Mentoring is a two-way street
The mentor and the mentee each have responsibilities when it comes to building a good relationship. “My expectation is there is an open and trusting dialogue up front,” said UTC Aerospace Systems’ Samantha Stovall, recipient of the 2012 Mentor of the Year award. Stovall said she tried to set expectations up front and establish open communication right away with her mentee, Danielle Wilke. She said Wilke was expected to compile a list of her five- and 10-year goals, her strengths and weaknesses and professional issues she wanted to work on, while Stovall came up with exercises for Wilke to do and books for her to read.
“The most important aspect is that each side must have some degree of commitment to the relationship and willingness to truly participate in the mentorship,” Carvin said in an e-mail interview. The commitment is especially important for the mentees, who must make sure they regularly schedule meetings with their busy mentors.
“I am there for them, but it is their responsibility… to get on my calendar,” Mentor of the Year finalist Judy Novak of Xerox said.
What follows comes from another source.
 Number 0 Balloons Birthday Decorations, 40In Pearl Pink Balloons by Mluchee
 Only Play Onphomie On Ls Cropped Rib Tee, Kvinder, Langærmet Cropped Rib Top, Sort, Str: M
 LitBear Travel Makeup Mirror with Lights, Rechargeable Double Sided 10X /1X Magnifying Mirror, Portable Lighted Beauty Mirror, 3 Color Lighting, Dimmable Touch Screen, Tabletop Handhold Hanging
A successful mentorship requires planning
Mentees should go to meetings with their mentors prepared and have some kind of structure in mind, according to Timothy Lamendola of Covance. “There was a lot of talking on my end in the beginning,” he said about starting a relationship with his mentor. They spent a lot of time mapping out the mentee’s priorities and what specific training he would need to achieve his career goals.
“It is their time that is a gift to you, so use it wisely,” said Novak’s mentee, Jennifer Allen. “Have a clue what it is you want to accomplish.”
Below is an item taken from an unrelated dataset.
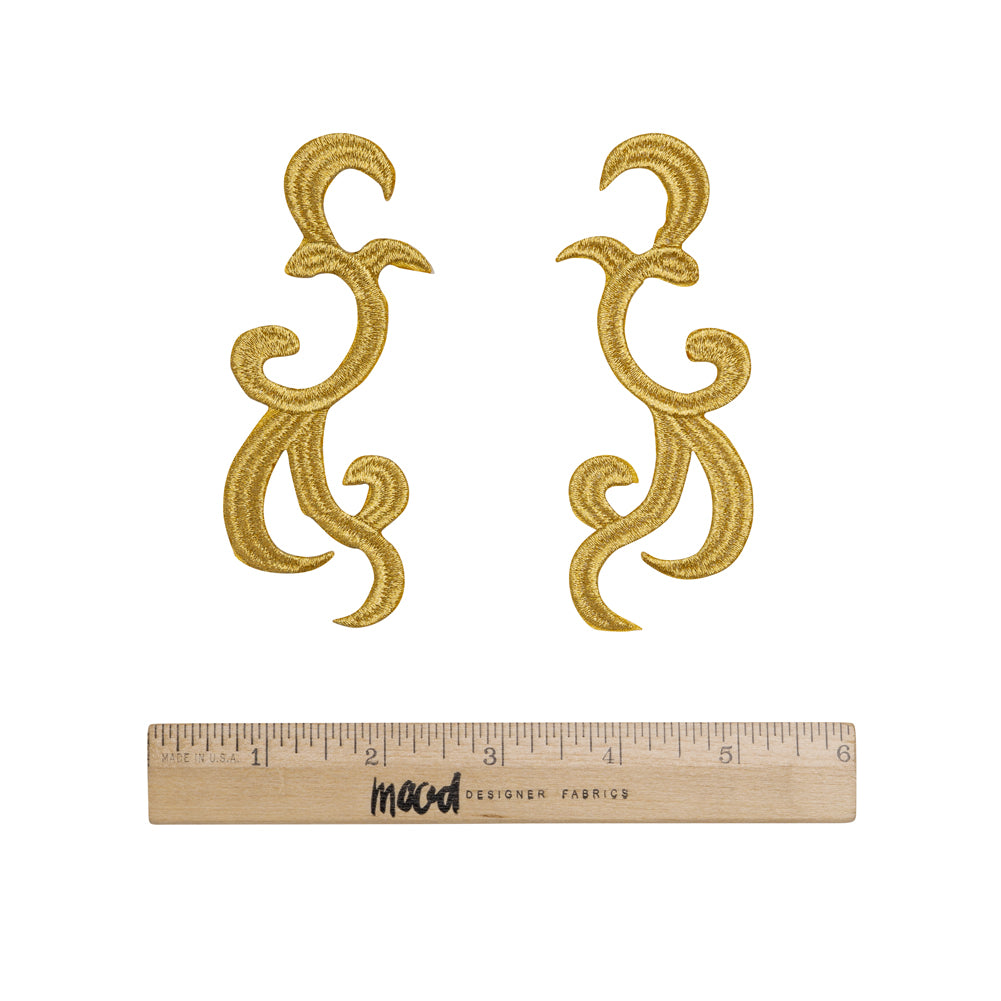 Yaya Han Iron-On Metallic Embroidered Applique Pair - Gold Swirls, 4.25" x 3.25" - Cosplay Collection - Full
Allen said she and Novak spent time discussing short- and long-term goals, looking at members of the Xerox organization whose positions Allen might be interested in within the next five to 10 years, and what things they had in common.
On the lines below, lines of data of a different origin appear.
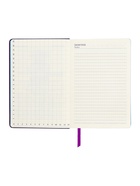 Ежедневник недатированный A5, 140 листов, искусственная кожа, на резинке, синий срез, фиолетовый 10536969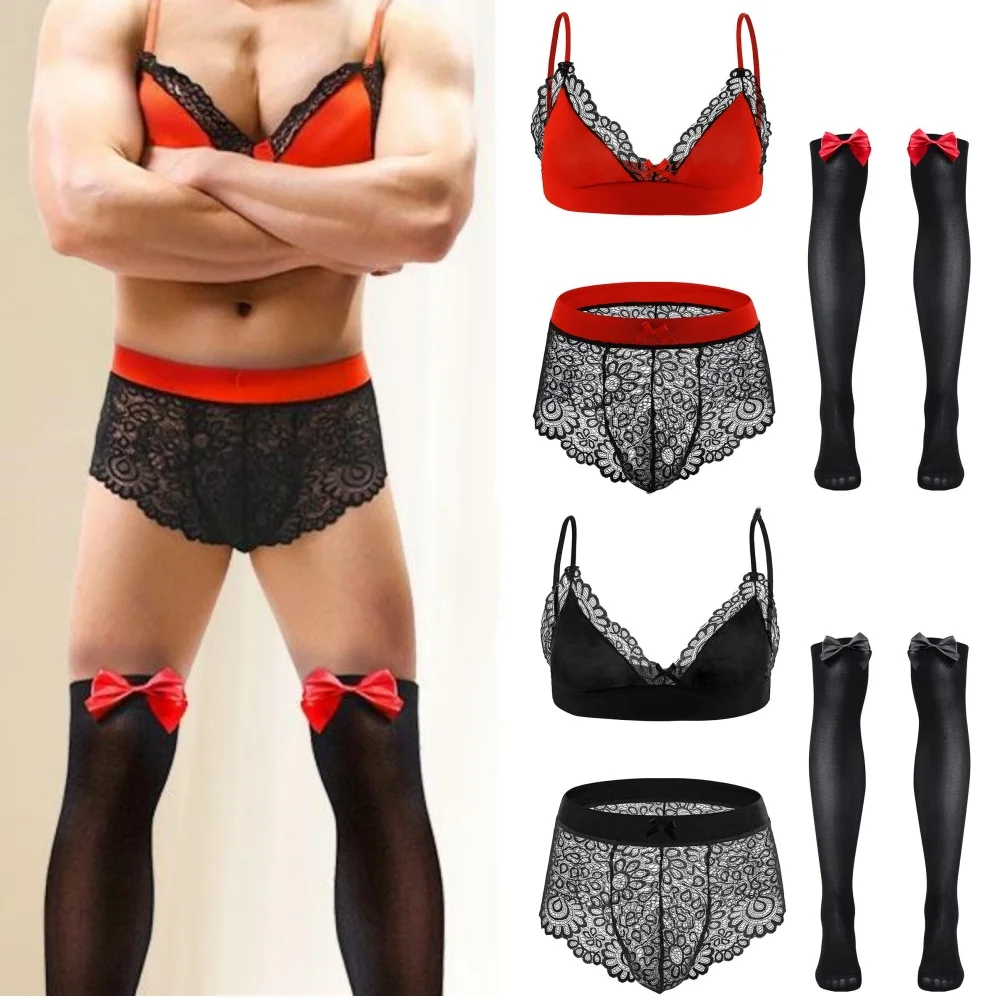 

Sissy Lingerie for Men Crossdress Underwear Floral Lace Bra Bikini Panties Bowknot Stockings 3 Piece Nightwear Sleepwear Set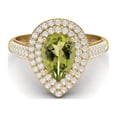 thumbnail image 1 of 3.46 Ctw Peridot Gemstone 925 Sterling Silver Gold Vermeil Pear Shape Halo Valentines Day Gifts Ring, 1 of 4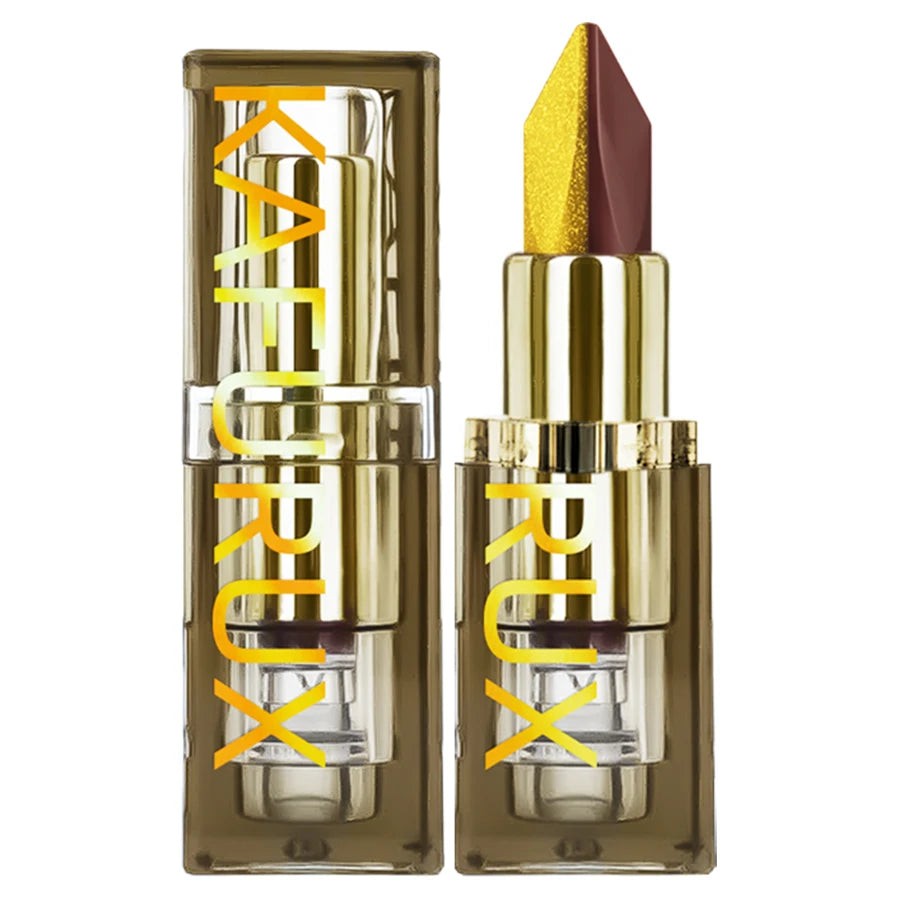 Two tone Color Metallic Lipstick Glitter Shimmer Lip Liner Pen Matte Velvet Finish High Pigment Smooth Lip Tint Korean Makeup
According to Stovall, having and keeping a focus during meetings with Wilke was an important part of their relationship. “I wanted to make her realize her strengths and build on her strengths,” Stovall said. “I try to keep conversations focused on her and what she needs to do and not worrying about other people or situations.”
Mentorships should benefit both the mentor and the mentee
The mentors stressed that relationships with their mentees should always benefit both parties involved, and Novak said that if a relationship isn’t working out, that it’s OK to look for another one that does. “It’s great to make a new friend, but the most successful mentorships are about more than that,” Carvin said.
Stovall and Novak said that experiencing successful mentorships early in their careers made them want to become mentors themselves. Stovall said Mentor Scout’s award program helped her realize that Wilke recognized a lot of things about her that she wasn’t aware of. “I recognize that mentoring is a great accomplishment. … I learn as much from the mentee as I do in other things,” Stovall said.
“You really get as much out of it as you put into it,” Wilke said.